▶ _Try it_: Find the line with "Chic Aquamarin Gold" in the records below. Copy it and every line after it, up to and including the line with "Tablier Cute Boston".

★ ★ ★ ★

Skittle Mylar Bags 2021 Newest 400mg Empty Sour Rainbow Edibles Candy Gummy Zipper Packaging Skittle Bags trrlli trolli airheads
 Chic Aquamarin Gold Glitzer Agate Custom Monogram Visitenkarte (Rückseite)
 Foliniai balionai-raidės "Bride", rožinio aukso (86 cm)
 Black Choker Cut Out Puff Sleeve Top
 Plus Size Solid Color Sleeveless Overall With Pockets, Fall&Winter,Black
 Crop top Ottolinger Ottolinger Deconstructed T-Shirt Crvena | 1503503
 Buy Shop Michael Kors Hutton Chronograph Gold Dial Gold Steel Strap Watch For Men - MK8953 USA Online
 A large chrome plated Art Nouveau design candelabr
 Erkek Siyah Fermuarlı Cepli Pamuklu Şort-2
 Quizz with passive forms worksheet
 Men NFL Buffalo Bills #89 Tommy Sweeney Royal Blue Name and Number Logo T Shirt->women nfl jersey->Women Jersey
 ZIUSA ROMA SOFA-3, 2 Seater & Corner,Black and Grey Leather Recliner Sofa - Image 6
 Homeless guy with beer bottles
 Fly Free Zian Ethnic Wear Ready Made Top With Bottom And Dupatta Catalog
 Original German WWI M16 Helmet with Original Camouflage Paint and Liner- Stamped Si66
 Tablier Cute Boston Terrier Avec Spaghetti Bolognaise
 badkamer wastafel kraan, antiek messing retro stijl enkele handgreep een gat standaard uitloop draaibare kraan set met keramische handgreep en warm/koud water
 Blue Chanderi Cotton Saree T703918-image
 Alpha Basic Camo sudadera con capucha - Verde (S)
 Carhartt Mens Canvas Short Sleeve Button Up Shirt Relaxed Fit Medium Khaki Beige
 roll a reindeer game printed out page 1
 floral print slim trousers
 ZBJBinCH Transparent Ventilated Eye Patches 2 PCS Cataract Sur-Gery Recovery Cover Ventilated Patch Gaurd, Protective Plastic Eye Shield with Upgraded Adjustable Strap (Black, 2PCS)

★ ★ ★ ★

▶ _Response to this task_:
 Chic Aquamarin Gold Glitzer Agate Custom Monogram Visitenkarte (Rückseite)
 Foliniai balionai-raidės "Bride", rožinio aukso (86 cm)
 Black Choker Cut Out Puff Sleeve Top
 Plus Size Solid Color Sleeveless Overall With Pockets, Fall&Winter,Black
 Crop top Ottolinger Ottolinger Deconstructed T-Shirt Crvena | 1503503
 Buy Shop Michael Kors Hutton Chronograph Gold Dial Gold Steel Strap Watch For Men - MK8953 USA Online
 A large chrome plated Art Nouveau design candelabr
 Erkek Siyah Fermuarlı Cepli Pamuklu Şort-2
 Quizz with passive forms worksheet
 Men NFL Buffalo Bills #89 Tommy Sweeney Royal Blue Name and Number Logo T Shirt->women nfl jersey->Women Jersey
 ZIUSA ROMA SOFA-3, 2 Seater & Corner,Black and Grey Leather Recliner Sofa - Image 6
 Homeless guy with beer bottles
 Fly Free Zian Ethnic Wear Ready Made Top With Bottom And Dupatta Catalog
 Original German WWI M16 Helmet with Original Camouflage Paint and Liner- Stamped Si66
 Tablier Cute Boston Terrier Avec Spaghetti Bolognaise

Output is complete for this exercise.